Does anyone know where I can find the bandwidth of SES-1 transponder 6, which carries the Pentagon channel?

I have to measure its signal power Tuesday using a spectrum analyzer that has an 8 MHz bandwidth filter, (BTSA-5) and I need to calculate the correction factor.

Lyngsat ( http://www.lyngsat.com/SES-1.html ) says that the center frequency of horizontal transponder 4 is 11,795 MHz and horizontal transponder 6 is 11,820 MHz, so that would be enough space for 50 MHz of transponder bandwidth minus the guard band(s).

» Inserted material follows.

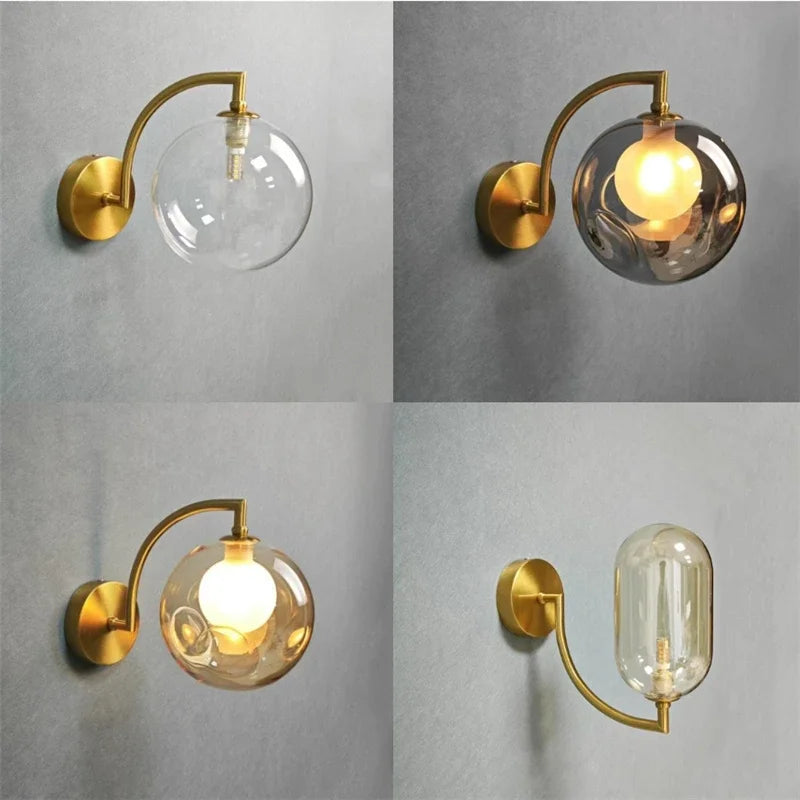 DecorBites™ Glass Ball LED Wall Sconce for Living Bedroom Dining Kitchen - Minimalist Design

FWIW, it also says that there is a horizontal transponder 24 centered at 12,172 MHz

However a site called Sathint ( http://www.sathint.com/101W?list=transponders ) gives horizontal center frequencies of 11,820 11,860, 12,085 and 12,116 MHz but it does not assign transponder numbers to them

The Wikipedia SES-1 page ( http://en.wikipedia.org/wiki/SES-1 ) says its payload is 24 KU transponders, which is ordinarily consistent with 40 MHz center frequency spacing if they were all of the same polarity, but the Lyngsat and Sathint sites both indicate that the satellite has both horizontal and vertical tranpsonders.

I will also have a SatBuddy available, but I have never used it before. I bought it six months ago used, but it didn't come with an instruction manual. Does it have a generic plan that will correct for bandwidth in case I find that SES-1 has not been loaded into it? I remember that a fully loaded Ku satellite used to have 27 MHz wide transponders, so the correction factor for my BTSA-5 was about 5.3dB.


----------



## HoTat2 (Nov 16, 2005)

If you're still interested, both Ku and C band transponders are all 36 MHz wide for SES-1 at 101W according to its FCC filings.

Download its complete narrative here:

http://licensing.fcc.gov/myibfs/download.do?attachment_key=795646


----------